Rabu, 25 Februari 2009

Laskar Pelangi – Semangat Belajar Para Pejuang cilik

Baru sabtu kemaren (18 okt 2008) saya sempat menonton film ini. Film yang belakangan sangat ramai dibicarakan, dan menjadi box office selanjutnya setelah Ayat-ayat cinta.
Dan hebatnya di pekan ke empat nya, film ini masih menjadi yang terlaris, terbukti antriannya yg puanjang dan tulisan sold out sering terpajang. Saya aja sempat kecele, karena tiket habis. Untungnya di bioskop yang satu masih ada, meski mendapat barisan ke dua dari depan :D. Dan baru kali ini pula saya masuk bioskop seolah-olah masuk di play group atau taman kanak-kanak. Full anak-anak, bahkan sepanjang film berlangsung ada sekumpulan anak-anak yang bermain kejar-kejaran hingga ke depan layar. Hebatnya pula, mereka seolah-olah familiar dengan karakter2 dalam film ini.
”saya suka Mahar!” atau ”Ma, kasian Lintang ya?!” kalimat2 yang terdengar sepanjang film berlangsung. Belum lagi anak laki-laki yang duduk disebelahku, malah menjadi spoiler buat ibunya, pertanda anak itu sudah menonton sebelumnya. Saya aja yang biasanya jengkel kalo ada org yang menceritakan kejadian selanjutnya, justru tersenyum.

Film ini di awali dengan narasi dari Ikal dewasa yang mencoba menapak tilas kehidupan masa kecilnya di kampung Belitong. Masa di mana dia merasakan kesulitan. Bukan hanya kesulitan ekonomi, tapi juga kesulitan mengecap pendidikan. Pendidikan di kampungnya seolah-olah hanya diperuntukkan untuk kaum bangsawan dan berada saja.

Film ini bergulir cepat, meski banyak bagian yang dipenggal dari cerita aslinya, it’s not a big deal for me.

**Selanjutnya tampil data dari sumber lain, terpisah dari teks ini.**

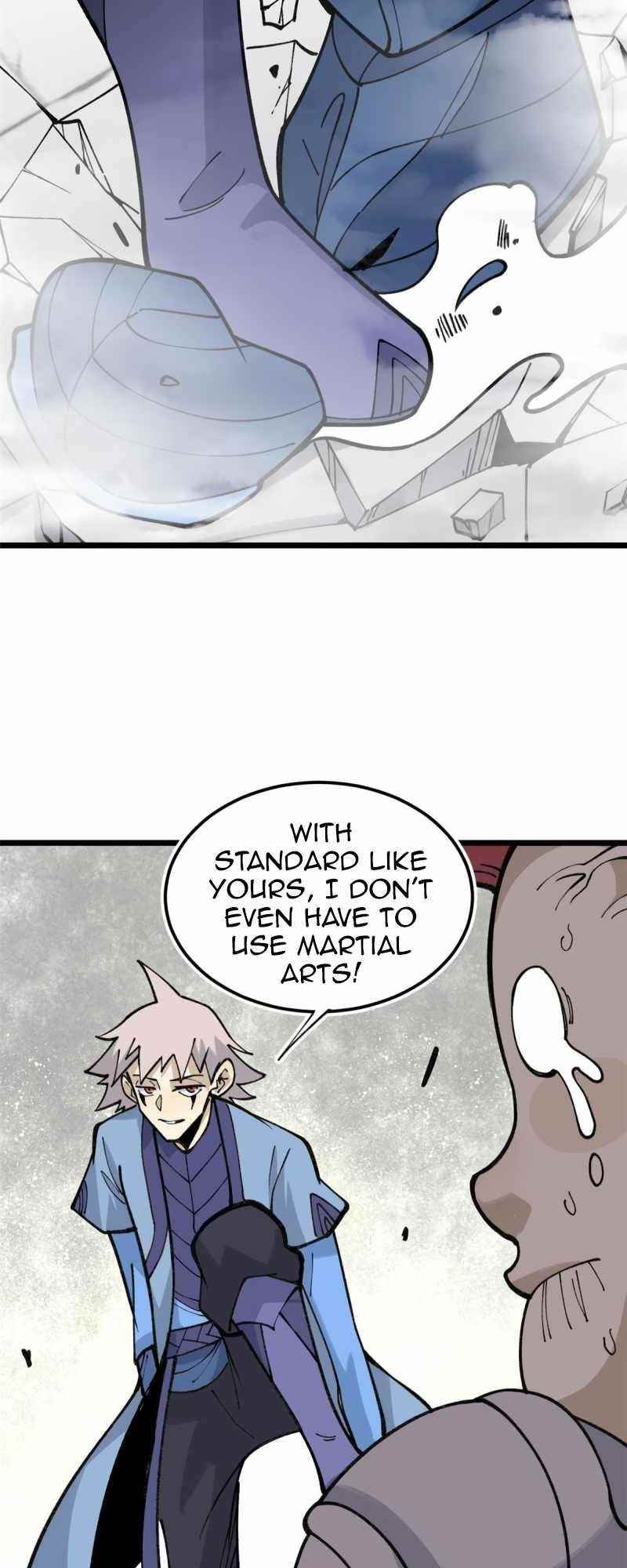 All Hail The Sect Leader Chapter 136 - Page 27 in English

Tokh saya sudah mengenal betul karakter-karakter laskar pelangi melalui bukunya. Memang sih ada bagian yang terlalu di dramatisir seperti buaya yang seolah tau jadwal sekolahnya lintang atau perasaan berbunga Ikal yang melambung tinggi setelah melihat kuku cantik A Ling.

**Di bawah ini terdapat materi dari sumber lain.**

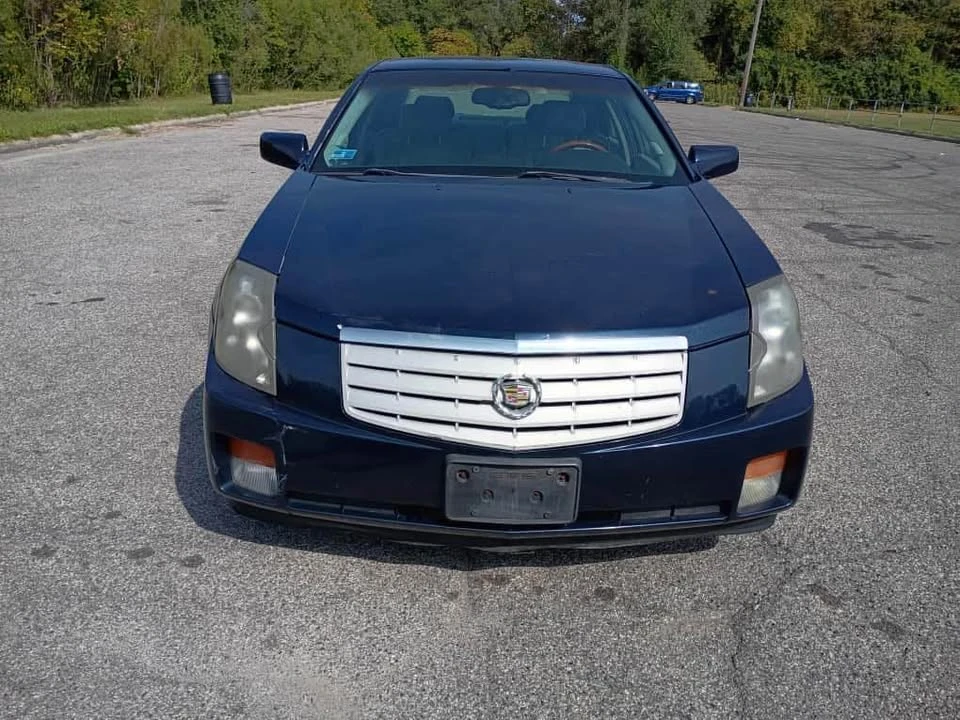 2007 Cadillac CTS 1st Gen - Image 3 of 9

Memang susah mengangkat detil ceritanya seperti yang tertuang dalam ratusan lembar novel sukses Laskar Pelangi. Kendala yang selalu di hadapi oleh sineas ketika mencoba menuangkan cerita novel ke dalam layar lebar berdurasi 2x60 menit. Apalagi kalo novel itu adalah novel sukses yang telah memiliki fans fanatik. Tapi patut diacungi jempol buat miles production yang rela menepikan sedikit sisi komersil pada film ini. Terbukti 11 tokoh anak-anak Laskar Pelangi dalam cerita ini adalam kesemuanya new comer. Belum lagi tokoh dewasanya adalah pemain jempolan yang tidak bisa dipandang sebelah mata oleh penikmat film Indonesia. Slamet Raharjo, Alex komang, Jajang C. Nur, Tora Sudiro, Lukman Sardi, Mathias Muchus adalah aktor-aktris yang pernah berdiri memegang trophi citra, piala tertinggi insan perfilman Indonesia. Cut Mini juga termasuk sukses memerankan tokoh Bu Mus, sosok sentral dalam film ini.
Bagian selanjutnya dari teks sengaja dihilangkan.